The magic behind Ultralight

Ultralight Maven is a small serverless maven server I built for myself. The Ultralight backend app listens for each of these three requests, and will handle each of the following cases. I use a YAML file to tell the backend what artifact names I want it to “serve”, and their GitHub repository names.

Case 1. The client has asked for a Project Object Model for an artifact. In this case, the backend will make sure the requested artifact name is listed in its configuration file, then simply parse all of the needed data out of the request URL, and send it right back to the client.

Case 2. The client has asked for a maven-metadata.xml file. In this case, the backend will first make sure the artifact exists, then make a request out to the GitHub REST API, and ask for a list of all tag names in the artifact’s repository. For every tag that contains an asset with the same name as the artifact, the tag’s version number will be added to the list of valid versions in the response.

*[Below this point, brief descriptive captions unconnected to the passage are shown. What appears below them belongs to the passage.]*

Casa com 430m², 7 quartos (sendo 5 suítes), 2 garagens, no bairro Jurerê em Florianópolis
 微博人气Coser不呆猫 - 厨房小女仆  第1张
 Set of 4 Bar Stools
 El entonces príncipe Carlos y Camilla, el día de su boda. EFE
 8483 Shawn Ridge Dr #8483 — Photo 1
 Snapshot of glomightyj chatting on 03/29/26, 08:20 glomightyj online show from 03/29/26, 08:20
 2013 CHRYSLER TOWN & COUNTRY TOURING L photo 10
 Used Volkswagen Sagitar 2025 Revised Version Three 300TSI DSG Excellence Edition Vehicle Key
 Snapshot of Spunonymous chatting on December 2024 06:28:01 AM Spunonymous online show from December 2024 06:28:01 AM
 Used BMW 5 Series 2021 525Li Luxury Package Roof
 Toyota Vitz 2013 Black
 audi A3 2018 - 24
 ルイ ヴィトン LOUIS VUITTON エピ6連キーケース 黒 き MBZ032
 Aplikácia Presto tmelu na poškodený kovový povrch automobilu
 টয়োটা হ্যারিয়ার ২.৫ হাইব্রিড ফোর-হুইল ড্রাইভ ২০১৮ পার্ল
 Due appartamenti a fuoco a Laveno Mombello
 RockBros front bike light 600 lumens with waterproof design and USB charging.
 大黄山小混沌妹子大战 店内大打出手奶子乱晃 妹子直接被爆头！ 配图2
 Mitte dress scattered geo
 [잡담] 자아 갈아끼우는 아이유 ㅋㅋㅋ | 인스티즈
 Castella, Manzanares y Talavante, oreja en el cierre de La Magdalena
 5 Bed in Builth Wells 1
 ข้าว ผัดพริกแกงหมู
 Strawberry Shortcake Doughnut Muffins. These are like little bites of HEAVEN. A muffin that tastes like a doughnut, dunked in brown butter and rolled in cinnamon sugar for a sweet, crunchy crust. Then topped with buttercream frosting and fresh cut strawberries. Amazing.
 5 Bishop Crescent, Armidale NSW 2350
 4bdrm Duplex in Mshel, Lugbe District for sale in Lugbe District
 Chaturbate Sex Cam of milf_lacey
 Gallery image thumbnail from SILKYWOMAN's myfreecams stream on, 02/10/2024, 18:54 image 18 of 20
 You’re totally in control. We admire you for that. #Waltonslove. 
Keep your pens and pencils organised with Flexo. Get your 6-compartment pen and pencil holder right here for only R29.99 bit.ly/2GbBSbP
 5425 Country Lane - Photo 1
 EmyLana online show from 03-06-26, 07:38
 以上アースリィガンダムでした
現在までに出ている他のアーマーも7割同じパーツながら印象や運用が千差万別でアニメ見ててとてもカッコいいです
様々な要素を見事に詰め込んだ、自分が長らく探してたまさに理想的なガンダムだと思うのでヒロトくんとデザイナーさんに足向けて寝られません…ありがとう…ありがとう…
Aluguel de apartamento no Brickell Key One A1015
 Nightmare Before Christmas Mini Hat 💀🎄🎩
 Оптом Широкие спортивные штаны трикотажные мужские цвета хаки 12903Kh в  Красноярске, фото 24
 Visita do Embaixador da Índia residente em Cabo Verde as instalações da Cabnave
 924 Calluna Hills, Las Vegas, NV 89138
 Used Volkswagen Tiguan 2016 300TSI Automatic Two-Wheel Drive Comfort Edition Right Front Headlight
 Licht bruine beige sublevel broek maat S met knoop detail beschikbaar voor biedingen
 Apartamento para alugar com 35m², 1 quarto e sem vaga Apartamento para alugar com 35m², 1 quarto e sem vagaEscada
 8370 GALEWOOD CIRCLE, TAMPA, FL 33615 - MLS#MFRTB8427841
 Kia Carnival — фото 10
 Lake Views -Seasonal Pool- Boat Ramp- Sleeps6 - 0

Case 3. The client has asked for an artifact’s JAR file. In this case, the backend will first make sure the artifact exists, then make a request out to the GitHub API, and ask for the correct asset URL on GitHub’s servers. With this url, Ultralight just crafts an HTTP 302 response. This makes the client actually request from GitHub itself instead of the Ultralight server, thus Ultralight never needs to store any artifacts.

Both to make the experience faster, and to get around GitHub’s rate limiting on the tags API, Ultralight sends the client stale-while-revalidate cache control headers. This forces the Vercel server that hosts Ultralight to only update its cache once per minute (slightly slower than the GitHub rate limit 😉)

For instructions on how to set up your own maven server using Ultralight, see the README on GitHub.